Although Apple is known for its iPhones and laptops, it also faces a healthy festival of corporations like Samsung and Lenovo in hardware sales. As a result, Cook will most likely be asked about designing apple’s App Store, where millions of software developers offer their apps to download.
Why does Apple allow its own app store on iPhones?
Sometimes developers must offer their in-app purchases and paid subscriptions through the Apple App Store, which on their own websites, where they can avoid Apple commissions. Apple has threatened to remove apps that do not comply. How does this most productive serve the interests of consumers and app developers?
The Federal Trade Commission reportedly had documents indicating that Facebook acquired Instagram in 2012 with the particular aim of stifling a competitor. Were those documents misunderstood? How did Facebook gain the acquisition of Instagram benefit from consumers and how did it reach the value of $1 billion?
British lawmakers have posted emails saying Facebook was using an analytics app to gather detailed knowledge about competition in order to suppress them. This helped Facebook buy WhatsApp for $19 billion, according to the emails.

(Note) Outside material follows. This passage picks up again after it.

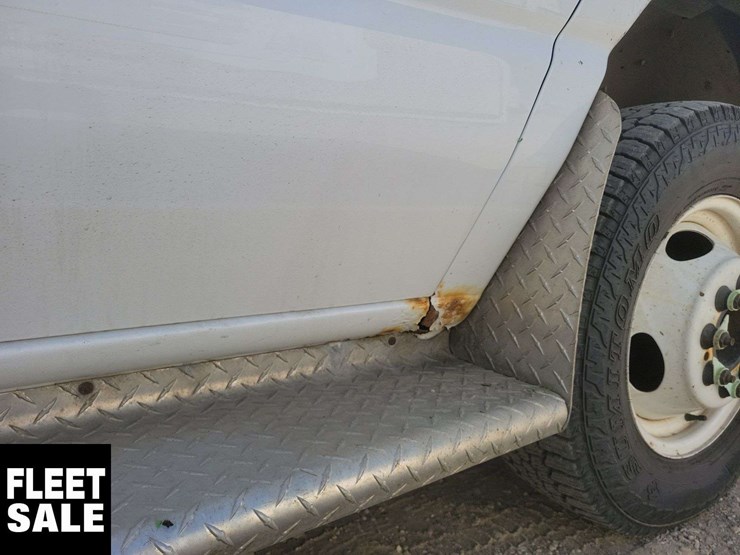 2011-ford-e450-image-30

Couldn’t we call it an abuse of market power? Does Facebook still use patented knowledge about its rivals to protect its market leadership?

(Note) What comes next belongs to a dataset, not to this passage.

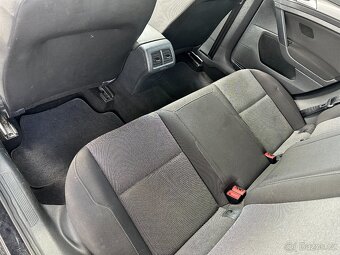Volkswagen Golf 1.6 TDI 77Kw - 13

Advertisers can target consumers on Facebook with incredible accuracy, thanks in component to the platform’s ability to track user browsing activity on the web. Shouldn’t users be onerous? Also, did Facebook offer assurances about the confidentiality of visitors’ knowledge, which it later denied? What promises do consumers have that their knowledge will remain personal and will not be reused for Facebook?
According to the Wall Street Journal, Facebook has reversed its efforts to make its site less politically debatable because partisan content leads to greater use of the site, which is for its advertising activities. How can you think of suppressing opposing opinions for users as more than just abuse of power?
Transcription
Alphabet’s flagship product, Google, is at the heart of almost every one of the activities on the Internet and, increasingly, many activities off the web. It is by far the dominant search engine and operates giant advertising and cloud computing companies. Subcommittee members will likely perceive how Google’s search activity potentially drowns out the festival by selling theirs and how YouTube, a subsidiary of Google, streams content to users.
Google has paid Apple billions of dollars to the default search engine for the Safari Internet browser on iPhones and iPads. How does Google expect its competition to compete on an equivalent basis if it has captured such a giant share of the market?
Google controls several levers in the procedure of hitting classified ads on the web, adding analytics. The company also asks some companies to use their advertising generation if they need to use Google’s services. What are the benefits of generating Google ad sales for advertisers? Why doesn’t Google allow marketers to see the costs others pay to position classified ads? Does that stifling bargaining power?
Critics claim that YouTube streams videos that have political leanings, based on the knowledge of its users, meaning that the audience is very likely not to see competing reviews. Is it true that YouTube software is designed to harm? In addition to keeping users on YouTube longer, what is the goal of this system?